Task description: Repeat precisely, and only, the lines between the line containing "32 Arahiwi Grove, Tirohanga, Lower" and the end of the listing below, both ends included.

Data extract:
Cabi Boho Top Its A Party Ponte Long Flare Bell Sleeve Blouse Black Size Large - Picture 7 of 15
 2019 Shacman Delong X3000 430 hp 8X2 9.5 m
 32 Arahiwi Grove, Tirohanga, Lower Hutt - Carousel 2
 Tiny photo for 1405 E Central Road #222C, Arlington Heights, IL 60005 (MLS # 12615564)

Task answer:
 32 Arahiwi Grove, Tirohanga, Lower Hutt - Carousel 2
 Tiny photo for 1405 E Central Road #222C, Arlington Heights, IL 60005 (MLS # 12615564)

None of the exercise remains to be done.